- Work to complete
An exact copy of all the data below is needed.
[Data extracts Boundary: Start]
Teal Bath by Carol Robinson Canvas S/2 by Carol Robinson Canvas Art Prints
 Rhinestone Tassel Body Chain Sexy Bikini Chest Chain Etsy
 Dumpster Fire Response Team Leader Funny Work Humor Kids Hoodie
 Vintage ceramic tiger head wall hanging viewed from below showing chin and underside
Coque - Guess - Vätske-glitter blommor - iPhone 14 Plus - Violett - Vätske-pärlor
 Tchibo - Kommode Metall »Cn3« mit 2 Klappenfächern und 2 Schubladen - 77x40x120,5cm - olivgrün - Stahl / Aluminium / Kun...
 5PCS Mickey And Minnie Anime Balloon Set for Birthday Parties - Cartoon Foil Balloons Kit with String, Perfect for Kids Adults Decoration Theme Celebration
[Data extracts Boundary: End]
- Output
Teal Bath by Carol Robinson Canvas S/2 by Carol Robinson Canvas Art Prints
 Rhinestone Tassel Body Chain Sexy Bikini Chest Chain Etsy
 Dumpster Fire Response Team Leader Funny Work Humor Kids Hoodie
 Vintage ceramic tiger head wall hanging viewed from below showing chin and underside
Coque - Guess - Vätske-glitter blommor - iPhone 14 Plus - Violett - Vätske-pärlor
 Tchibo - Kommode Metall »Cn3« mit 2 Klappenfächern und 2 Schubladen - 77x40x120,5cm - olivgrün - Stahl / Aluminium / Kun...
 5PCS Mickey And Minnie Anime Balloon Set for Birthday Parties - Cartoon Foil Balloons Kit with String, Perfect for Kids Adults Decoration Theme Celebration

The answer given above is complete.